In recent years, increasing attention has been paid to the effects of tourism and related developments upon the environment of ‘destination areas’. The increasing popularity of the concept of sustainable development has resulted in tourism being viewed as an activity which could easily be developed along those appropriate lines. It is argued, however, that such a viewpoint is often simplistic and naïve, because of a lack of understanding of the complex nature of tourism. While tourism is dependent upon the environment for much of its well-being, the prevailing lack of knowledge, responsibility, and long-term planning, has often resulted in development which is neither environmentally nor culturally sympathetic to the host area and community.
A broad definition of environment is necessary in this context, encompassing both the physical and human realms and also Nature's, as is an equally wide view of human leisure activities, which needs to include far more than tourism. It is necessary to take a critical view of some alternative approaches to mass-tourism, which have been suggested as appropriate for environmentally significant areas; for at least some of the problems resulting from tourism-related developments are more profound, and less easily solved, than has often been suggested. Solutions are inevitably a combination of compromise and positive planning and management, and successful examples are difficult to find. Improved understanding of the complex nature of tourism, and of its linkages to the environment, is crucial if a symbiotic relationship is to be attained and maintained.

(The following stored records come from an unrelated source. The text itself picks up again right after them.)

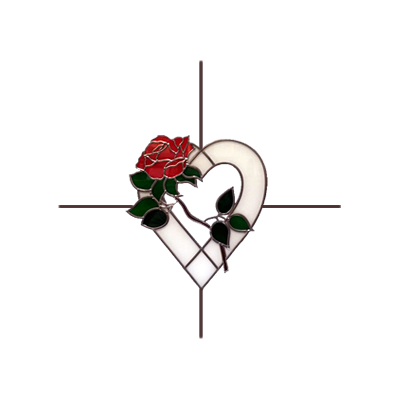 Heart and Rose with Lead Cross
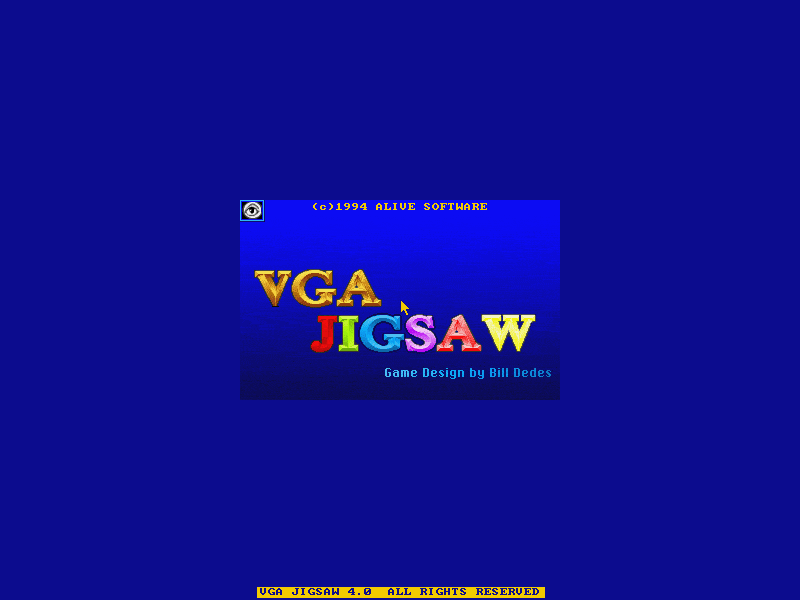 Title screen of VGA Jigsaw
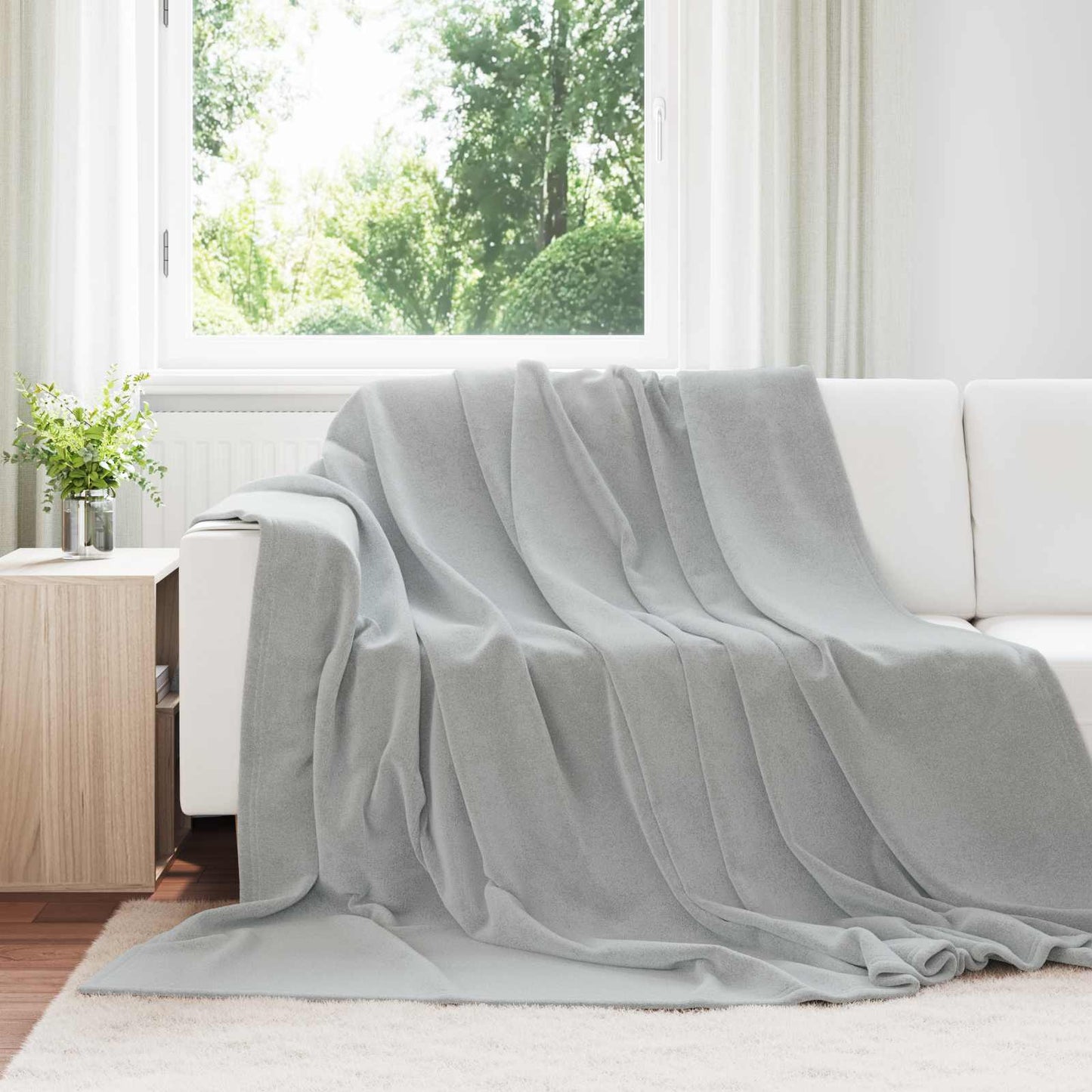 vidaXL Throw Blanket Grey 220 x 240 cm Fleece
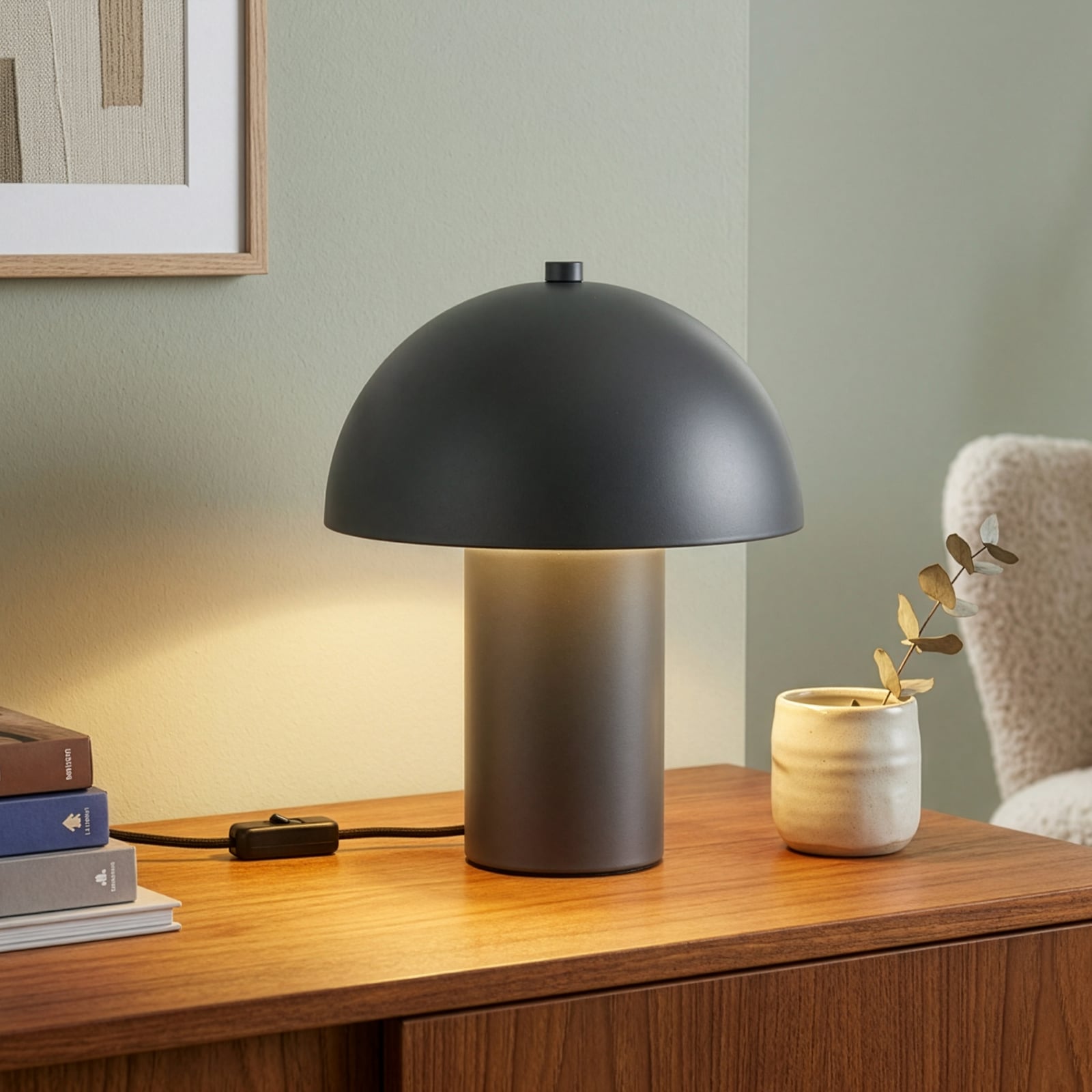 Bordlampe Enya, antrasitt, metall, høyde 25,5 cm, E14 Bordlampe Enya, antrasitt, metall, høyde 25,5 cm, E14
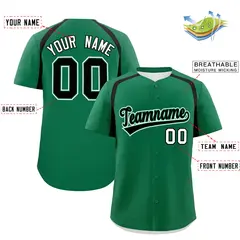 Kelly Green Black Color Block Authentic Baseball Jersey 2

It is necessary to appreciate that tourist destination areas evolve and change over time, both responding to, and being altered by, changes in tourism. They are not static environments, and need responsible and pro-active planning and management. Reliance upon local initiatives, uncoordinated planning, and self-regulation in a situation of ill-defined responsibility, will not result in a secure long-term future for either the tourist industry or the environment of the destination area. Coordination of policies, pro-active planning, acceptance of limitations on growth, education of all parties involved, and commitment to a long-term viewpoint, are prerequisites to the successful linking of tourism and sustainable development.